A further description of our responsibilities for the audit of the financial statements is located on the Financial Reporting Council’s website at: http://www.frc.org.uk/auditorsresponsibilities This description forms part of our auditor’s report.
A further description of our responsibilities is available on the Financial Reporting Council’s website at: https://www.frc.org.uk/auditorsresponsibilities. This description forms part of our auditor's report.
Use of our report
This report is made solely to the company’s members, as a body, in accordance with Chapter 3 of Part 16 of the Companies Act 2006. Our audit work has been undertaken so that we might state to the company’s members those matters we are required to state to them in an auditor's report and for no other purpose. To the fullest extent permitted by law, we do not accept or assume responsibility to anyone other than the company and the company’s members as a body, for our audit work, for this report, or for the opinions we have formed.
As permitted by s408 Companies Act 2006, the company has not presented its own profit and loss account and related notes. The company’s profit for the year was £672,204 (2021 - £682,500 profit).
Kildale Topco Limited (“the company”) is a private limited company domiciled and incorporated in England and Wales. The registered office is The Victory Offices, 112 Victory Road, Blackpool, FY1 3NW.
The group consists of Kildale Topco Limited and all of its subsidiaries.
These financial statements have been prepared in accordance with FRS 102 “The Financial Reporting Standard applicable in the UK and Republic of Ireland” (“FRS 102”) and the requirements of the Companies Act 2006.
The financial statements are prepared in sterling, which is the functional currency of the company. Monetary amounts in these financial statements are rounded to the nearest £.
The financial statements have been prepared under the historical cost convention, modified to include the revaluation of freehold properties and certain financial instruments at fair value. The principal accounting policies adopted are set out below.

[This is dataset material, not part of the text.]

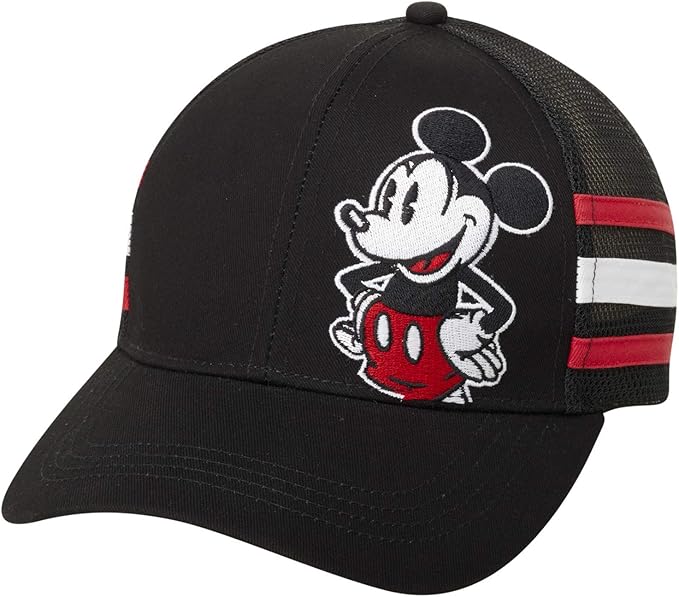 Disney Mickey Mouse Trucker Hat, Striped Snapback Baseball Cap for Men, Black, One Size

The consolidated group financial statements consist of the financial statements of the parent company Kildale Topco Limited together with all entities controlled by the parent company (its subsidiaries) and the group’s share of its interests in joint ventures and associates.
All financial statements are made up to 30 January 2022. Where necessary, adjustments are made to the financial statements of subsidiaries to bring the accounting policies used into line with those used by other members of the group.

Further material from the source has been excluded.